> For clean Markdown of any page, append .md to the page URL.
> For a complete documentation index, see https://docs.nvidia.com/nemo/automodel/llms.txt.
> For AI client integration (Claude Code, Cursor, etc.), connect to the MCP server at https://docs.nvidia.com/nemo/automodel/_mcp/server.

# nemo_automodel.components.speculative.regenerate

Regenerate dataset answers with the EAGLE target model.

EAGLE drafters learn best when the supervised assistant turn is produced by
the *same* model that will serve as the inference target.

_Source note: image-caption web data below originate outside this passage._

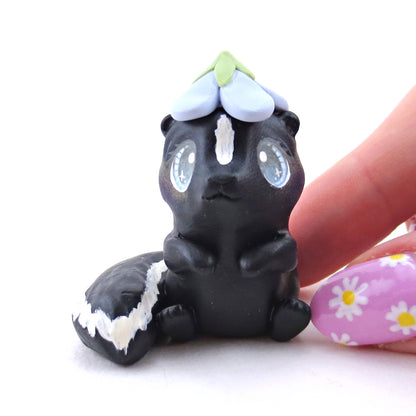 Skunk with a Bluebell Hat Figurine - Polymer Clay Spring Animal Collection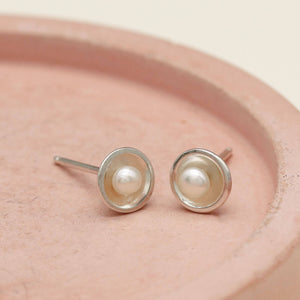 Tiny pearl stud earrings handmade in sterling silver with 3mm freshwater pearls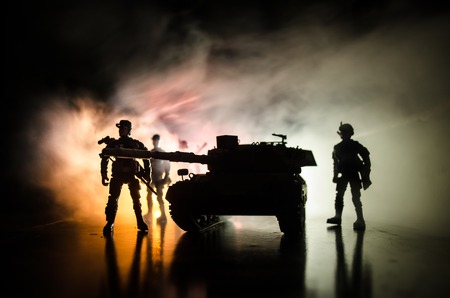 War Concept. Military silhouettes fighting scene on war fog sky background, World War German Tanks Silhouettes Below Cloudy Skyline At night. Attack scene. Armored vehicles. Tanks battleの写真素材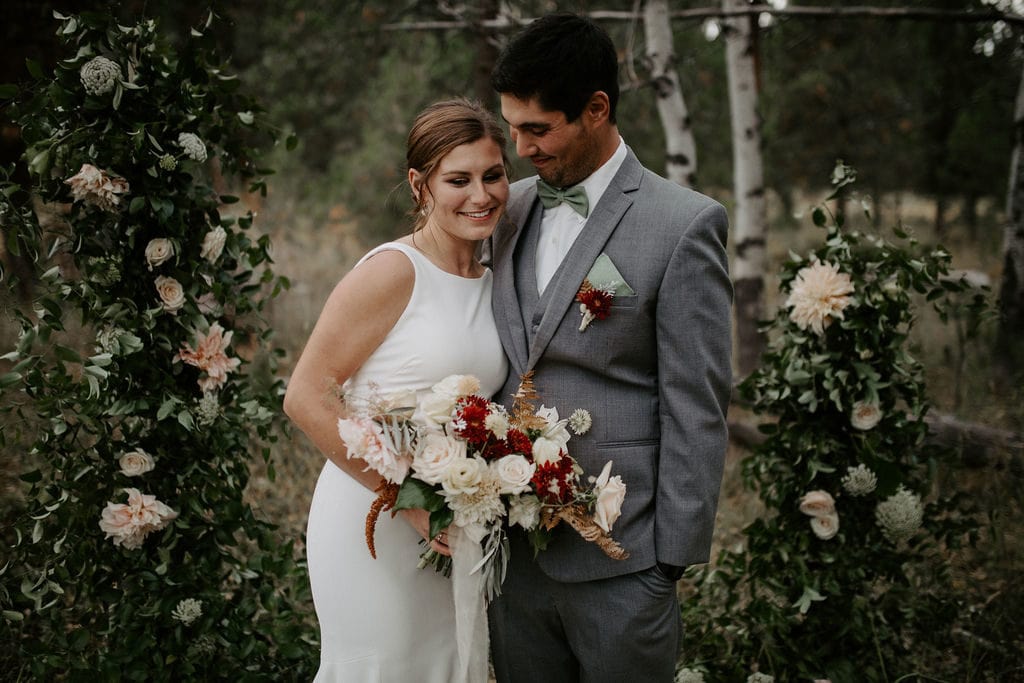 bride and groom embracing in front of arch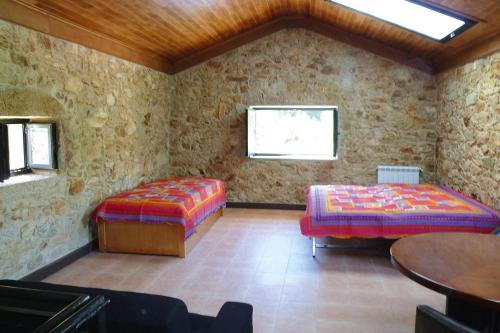 a room with two beds and a table and a window at Stone House by Caima River with Pool in Vale de Cambra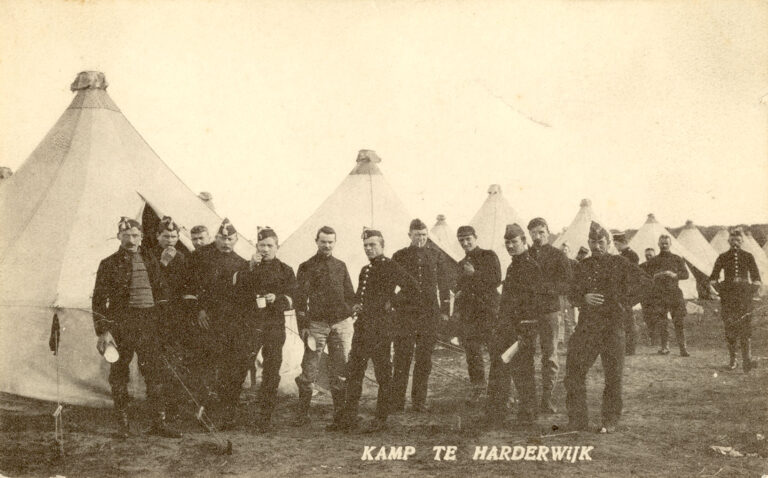 Op de Voorgrond een aantal mannen in uniform. Achter hun staan een aantal tenten. Als titel heeft deze prentbriefkaart Kamp te Harderwijk.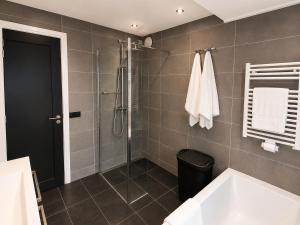 a bathroom with a shower and a bath tub at Cozy apartment in authentic farmhouse in Gouda +13 photos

Many public chat
datasets were generated by other models, so the assistant tokens they contain
are off-distribution for the drafter. This script takes such a dataset,
strips the trailing assistant turn from each sample, replays the remaining
`[system, user, ...]` context against a target model running behind an
OpenAI-compatible SGLang server, and writes a new dataset whose
`messages` column ends with a freshly-generated assistant turn.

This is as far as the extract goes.